--- Information supplied Enclosed Below ---

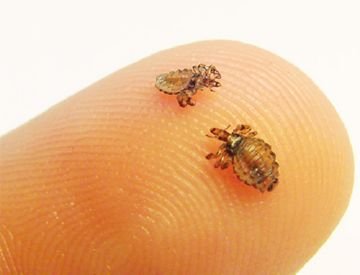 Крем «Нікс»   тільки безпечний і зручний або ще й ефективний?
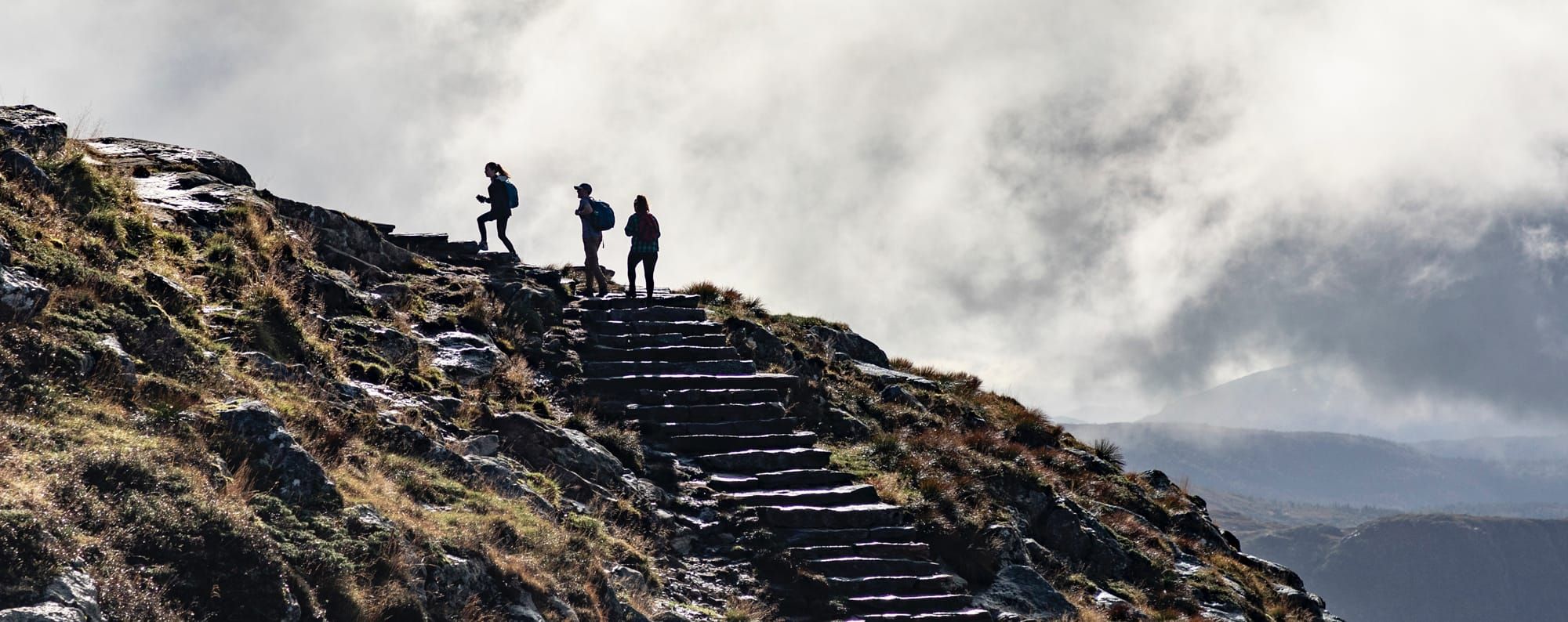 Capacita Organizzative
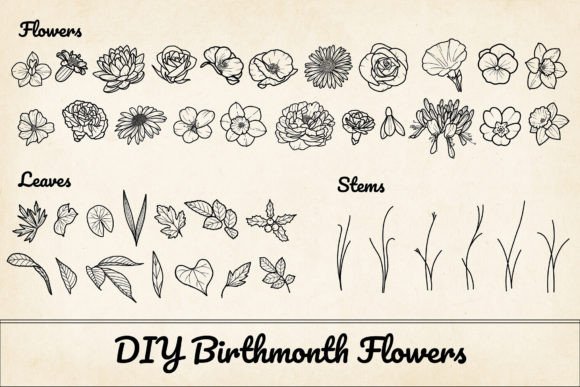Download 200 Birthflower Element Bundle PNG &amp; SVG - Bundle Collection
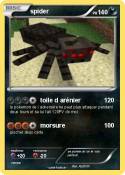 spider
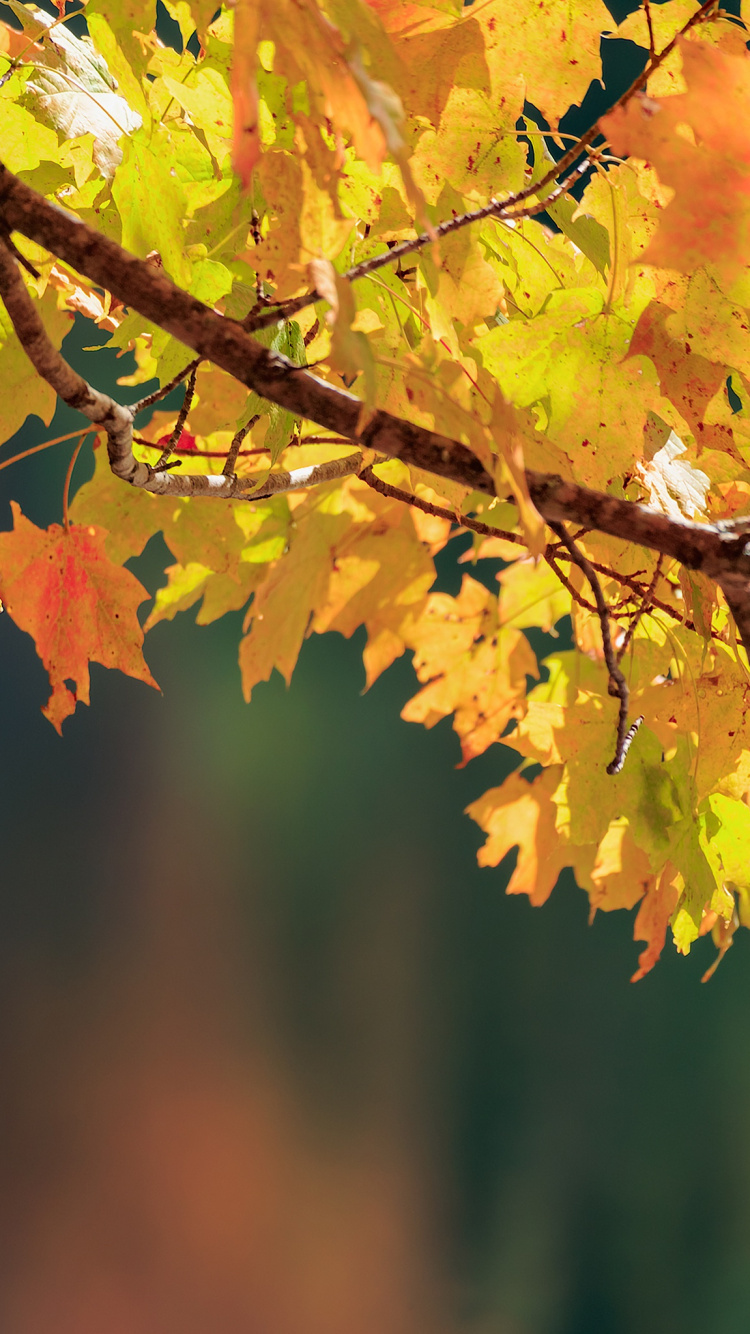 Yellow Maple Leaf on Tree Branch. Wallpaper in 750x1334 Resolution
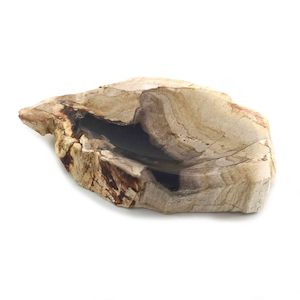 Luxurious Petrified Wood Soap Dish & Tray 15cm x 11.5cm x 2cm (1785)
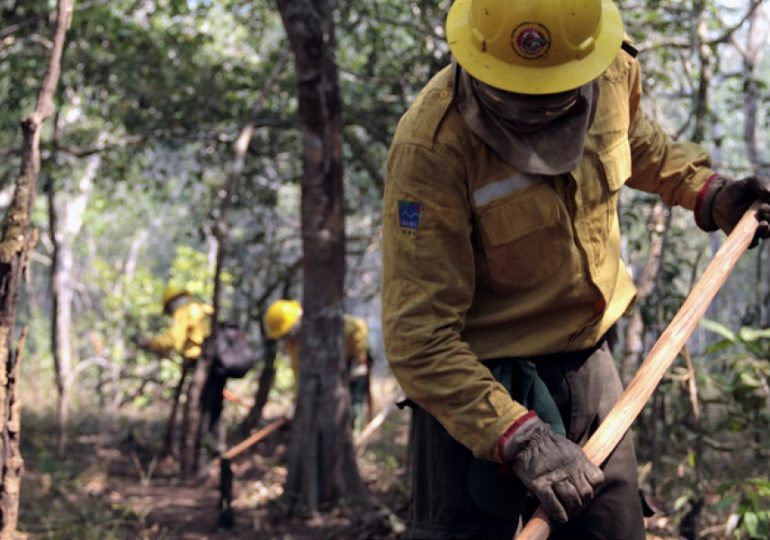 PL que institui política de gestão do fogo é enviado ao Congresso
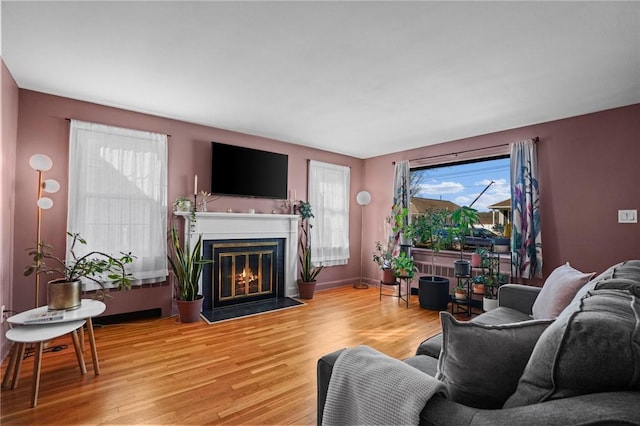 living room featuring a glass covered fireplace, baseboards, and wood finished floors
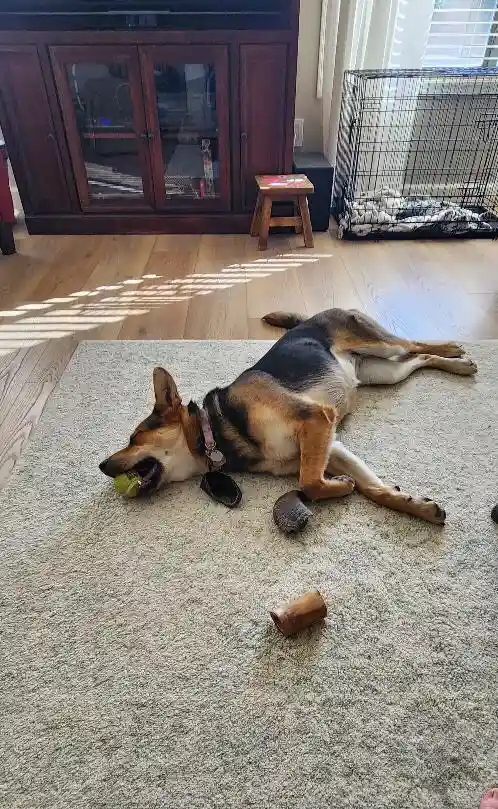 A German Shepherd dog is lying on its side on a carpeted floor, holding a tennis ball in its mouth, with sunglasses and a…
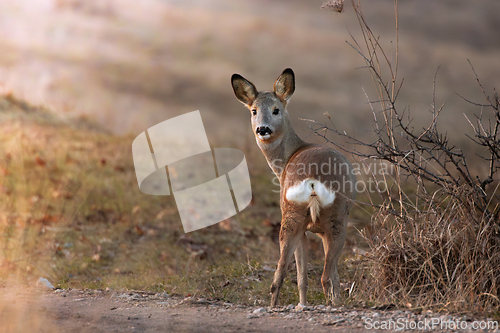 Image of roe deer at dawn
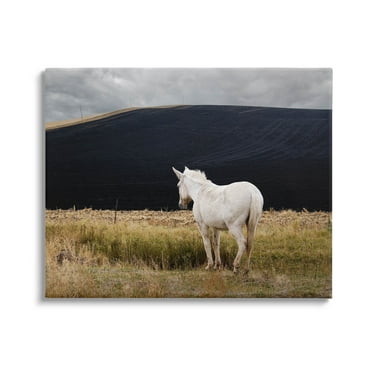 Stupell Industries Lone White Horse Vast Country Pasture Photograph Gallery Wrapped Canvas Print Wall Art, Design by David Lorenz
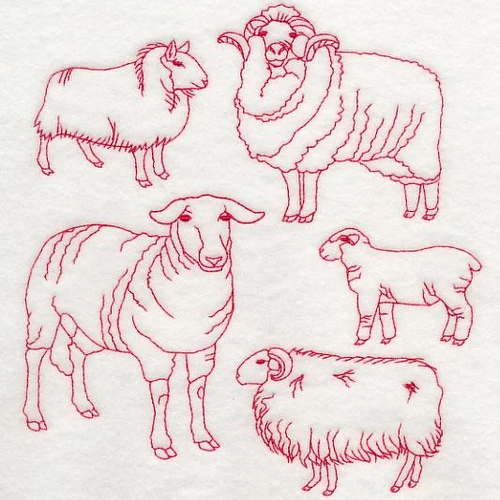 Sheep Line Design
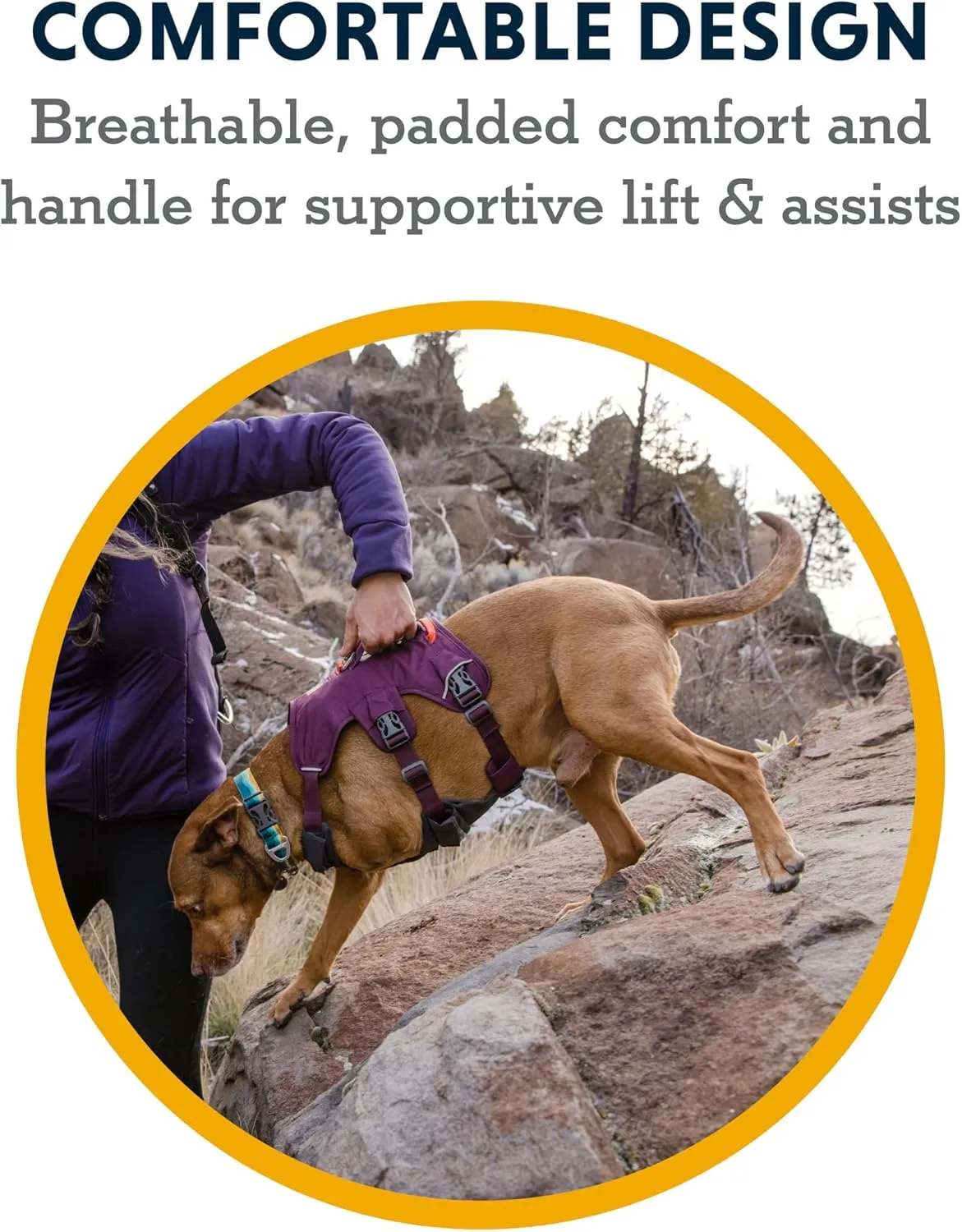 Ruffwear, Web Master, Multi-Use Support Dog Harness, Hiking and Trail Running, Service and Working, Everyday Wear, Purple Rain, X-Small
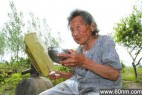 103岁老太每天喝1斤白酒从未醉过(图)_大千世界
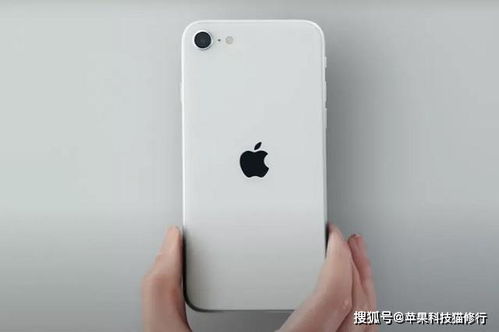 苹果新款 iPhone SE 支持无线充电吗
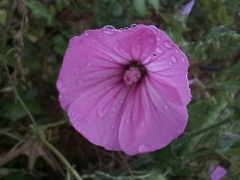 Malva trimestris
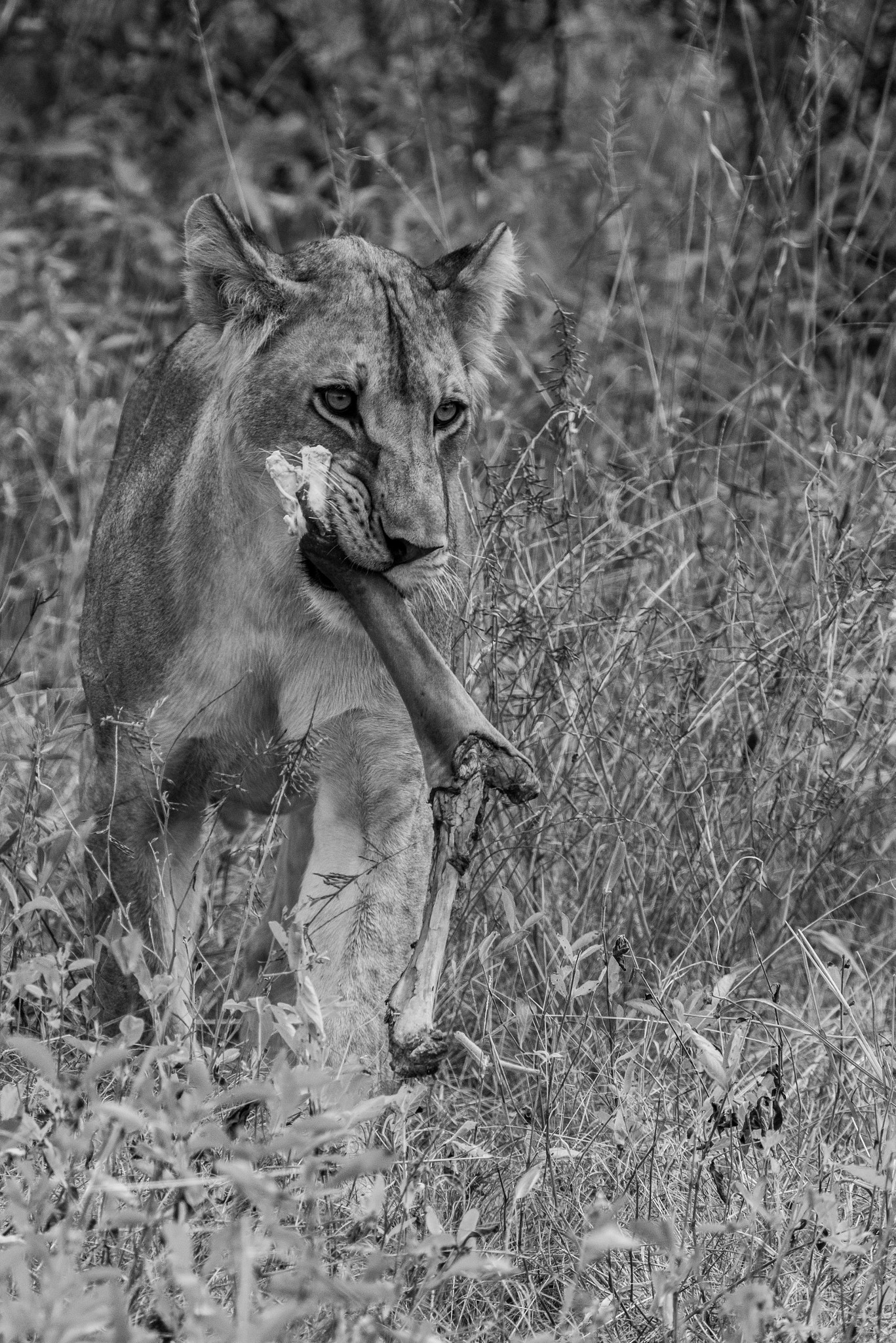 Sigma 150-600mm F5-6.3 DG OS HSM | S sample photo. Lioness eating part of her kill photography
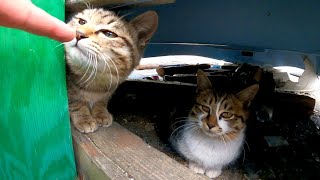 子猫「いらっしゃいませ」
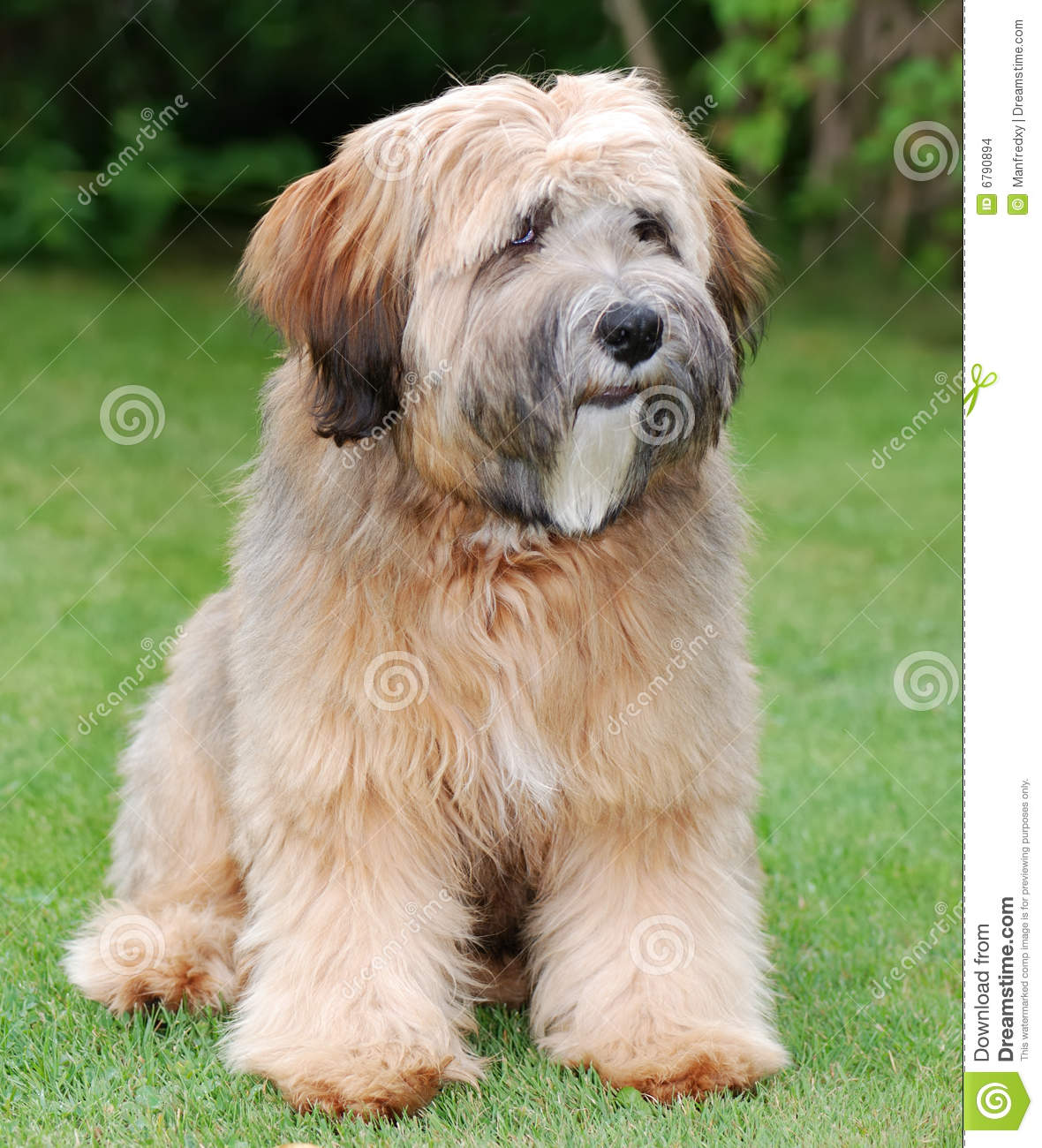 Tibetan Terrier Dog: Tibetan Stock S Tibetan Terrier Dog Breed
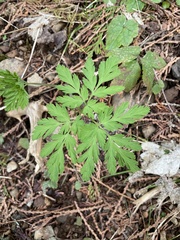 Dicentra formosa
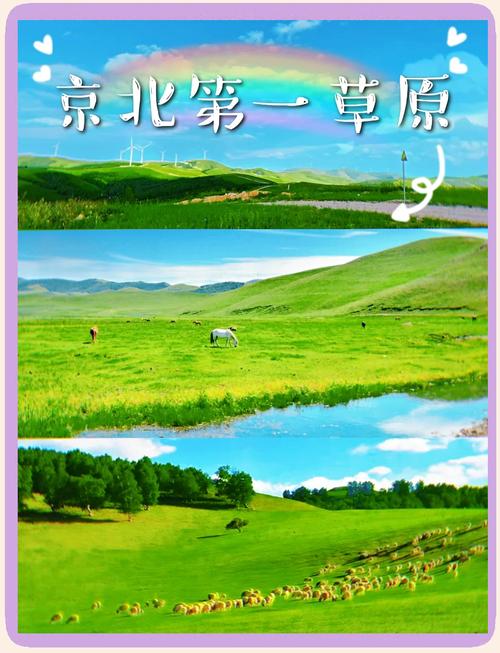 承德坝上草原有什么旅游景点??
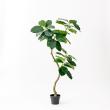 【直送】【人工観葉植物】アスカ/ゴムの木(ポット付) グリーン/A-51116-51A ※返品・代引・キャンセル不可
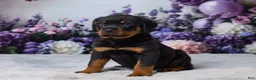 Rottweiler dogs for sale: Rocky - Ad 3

--- End of Enclosed Information supplied ---

:: What to produce ::
All records are to be reproduced exactly; the pictures are to be omitted.

:: Task response ::
 Крем «Нікс»   тільки безпечний і зручний або ще й ефективний?
 Capacita Organizzative
Download 200 Birthflower Element Bundle PNG &amp; SVG - Bundle Collection
 spider
 Yellow Maple Leaf on Tree Branch. Wallpaper in 750x1334 Resolution
 Luxurious Petrified Wood Soap Dish & Tray 15cm x 11.5cm x 2cm (1785)
 PL que institui política de gestão do fogo é enviado ao Congresso
 living room featuring a glass covered fireplace, baseboards, and wood finished floors
 A German Shepherd dog is lying on its side on a carpeted floor, holding a tennis ball in its mouth, with sunglasses and a…
 Image of roe deer at dawn
 Stupell Industries Lone White Horse Vast Country Pasture Photograph Gallery Wrapped Canvas Print Wall Art, Design by David Lorenz
 Sheep Line Design
 Ruffwear, Web Master, Multi-Use Support Dog Harness, Hiking and Trail Running, Service and Working, Everyday Wear, Purple Rain, X-Small
 103岁老太每天喝1斤白酒从未醉过(图)_大千世界
 苹果新款 iPhone SE 支持无线充电吗
 Malva trimestris
 Sigma 150-600mm F5-6.3 DG OS HSM | S sample photo. Lioness eating part of her kill photography
 子猫「いらっしゃいませ」
 Tibetan Terrier Dog: Tibetan Stock S Tibetan Terrier Dog Breed
 Dicentra formosa
 承德坝上草原有什么旅游景点??
 【直送】【人工観葉植物】アスカ/ゴムの木(ポット付) グリーン/A-51116-51A ※返品・代引・キャンセル不可
 Rottweiler dogs for sale: Rocky - Ad 3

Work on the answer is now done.